Evaluating the Reliability of Multiple Large Language Models in Risk Assessment: A CIS Controls Based Approach
Pith reviewed 2026-05-08 16:18 UTC · model grok-4.3
The pith
Large language models consistently underestimate cybersecurity risks compared to human experts.
A machine-rendered reading of the paper's core claim, the machinery that carries it, and where it could break.
Core claim
Using a questionnaire with risk scenarios, we analyzed responses from 50 human experts. We compared their responses with those of five popular large language models to determine whether it is possible to use only large language models for cybersecurity risk assessment. The results reveal that the large language models consistently underestimated cybersecurity risks compared to human experts, reinforcing the need for human oversight and suggesting that LLMs should be used as complementary tools rather than standalone assessors.
What carries the argument
A questionnaire comparing five LLMs' risk ratings on CIS Controls scenarios against ratings from 50 human experts to measure systematic underestimation.
If this is right
- LLMs cannot serve as standalone tools for cybersecurity risk assessment.
- Human oversight must be integrated into any LLM-assisted risk evaluation process.
- LLMs can assist with initial analysis but require expert validation to avoid underestimating threats.
- Organizations should treat generative AI outputs as supplementary input rather than authoritative assessments.
Where Pith is reading between the lines
- The observed underestimation pattern may extend to other high-stakes domains where LLMs are applied without verification.
- Targeted training or prompting adjustments on security-specific data could be tested to reduce the gap with expert judgment.
- Hybrid workflows that route LLM outputs through human review layers could be piloted in operational security teams.
- Widespread reliance on unverified LLM assessments might increase organizational exposure if the bias persists across models.
Load-bearing premise
The selected risk scenarios and the 50 human expert responses form a reliable, unbiased benchmark that accurately represents real-world cybersecurity risk assessment practices and expert judgment.
What would settle it
A replication study that uses a broader or differently composed panel of human experts and finds that LLMs no longer rate the same scenarios as lower risk would falsify the central claim.
read the original abstract
Proper implementation of technical and administrative controls reinforces an organization's cybersecurity posture and business resilience, reduces risks, and enhances governance, ultimately elevating business maturity.
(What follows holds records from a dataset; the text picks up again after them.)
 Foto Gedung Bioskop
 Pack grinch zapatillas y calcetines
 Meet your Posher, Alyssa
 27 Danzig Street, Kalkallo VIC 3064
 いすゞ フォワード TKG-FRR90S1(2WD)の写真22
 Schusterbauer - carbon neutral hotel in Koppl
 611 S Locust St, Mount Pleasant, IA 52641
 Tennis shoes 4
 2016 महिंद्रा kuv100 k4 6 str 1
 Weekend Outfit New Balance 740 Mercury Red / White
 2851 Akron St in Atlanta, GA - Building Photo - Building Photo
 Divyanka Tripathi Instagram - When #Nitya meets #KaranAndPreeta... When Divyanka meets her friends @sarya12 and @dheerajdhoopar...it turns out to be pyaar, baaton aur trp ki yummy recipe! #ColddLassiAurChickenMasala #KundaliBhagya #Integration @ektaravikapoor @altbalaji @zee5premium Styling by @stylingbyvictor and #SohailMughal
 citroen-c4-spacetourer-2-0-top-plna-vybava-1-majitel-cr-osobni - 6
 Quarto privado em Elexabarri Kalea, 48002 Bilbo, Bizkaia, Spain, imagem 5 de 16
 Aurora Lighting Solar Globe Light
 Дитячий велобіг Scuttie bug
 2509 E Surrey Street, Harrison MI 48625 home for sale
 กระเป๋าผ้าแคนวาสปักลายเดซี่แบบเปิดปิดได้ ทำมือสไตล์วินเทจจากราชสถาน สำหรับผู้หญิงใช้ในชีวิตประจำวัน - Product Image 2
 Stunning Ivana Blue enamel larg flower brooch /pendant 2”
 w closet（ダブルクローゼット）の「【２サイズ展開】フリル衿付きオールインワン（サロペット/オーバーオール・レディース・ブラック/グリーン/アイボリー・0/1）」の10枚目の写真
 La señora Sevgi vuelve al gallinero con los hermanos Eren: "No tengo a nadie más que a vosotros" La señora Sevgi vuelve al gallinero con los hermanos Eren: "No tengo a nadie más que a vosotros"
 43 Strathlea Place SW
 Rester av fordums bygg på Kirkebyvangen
The dynamics of the technological landscape and emerging threats negatively affect the most diverse companies, regardless of their size. This, associated with a global gap in the cybersecurity workforce, imposes enormous challenges and the need for a profound change in how companies respond to threats. Generative Artificial Intelligence from large language models has become an influential tool across various companies, emerging as a viable option to help address those challenges while partially addressing the shortage of skilled labor. Although large language models can help in this scenario, there may be risks, such as generating unreliable or 'hallucinated' content, which could lead people and companies to make bad decisions. Our study proposes integrating human experts into the validation process as a crucial step toward ensuring the proper implementation of technical and administrative controls. Furthermore, we sought to identify how large language models perform in assessing cybersecurity risk scenarios compared to human experts, highlighting the importance of integrating humans and machines in the cybersecurity risk assessment process. Using a questionnaire with risk scenarios, we analyzed responses from 50 human experts. We compared their responses with those of five popular large language models to determine whether it is possible to use only large language models for cybersecurity risk assessment. The results reveal that the large language models consistently underestimated cybersecurity risks compared to human experts, reinforcing the need for human oversight and suggesting that LLMs should be used as complementary tools rather than standalone assessors.
Editorial analysis
A structured set of objections, weighed in public.
Referee Report
Summary. The paper conducts an empirical comparison of cybersecurity risk assessments produced by five popular large language models against responses from 50 human experts, using a questionnaire of risk scenarios grounded in CIS Controls. It reports that the LLMs consistently assigned lower risk ratings than the experts and concludes that LLMs should serve only as complementary tools rather than standalone assessors, underscoring the need for human oversight.
Significance. If the comparison is methodologically sound, the result would provide concrete evidence of systematic underestimation by current LLMs in a high-stakes domain, supporting calls for hybrid human-AI workflows in cybersecurity governance. The work directly engages a practical gap between AI capability claims and expert judgment, but its impact is currently limited by the absence of verifiable experimental controls.
major comments (2)
- [Abstract/Methods] Abstract and Methods section: The manuscript states that responses from 50 human experts were collected and compared to five LLMs but supplies no details on expert selection criteria, years of experience, domain specialization, the exact questionnaire wording or response scale, the construction of the risk scenarios, the precise prompts issued to each LLM, or any statistical tests (e.g., t-tests, Wilcoxon, or inter-rater reliability metrics) used to establish the underestimation claim. These omissions make the central directional finding unverifiable and prevent assessment of whether expert heterogeneity or scenario bias could explain the observed difference.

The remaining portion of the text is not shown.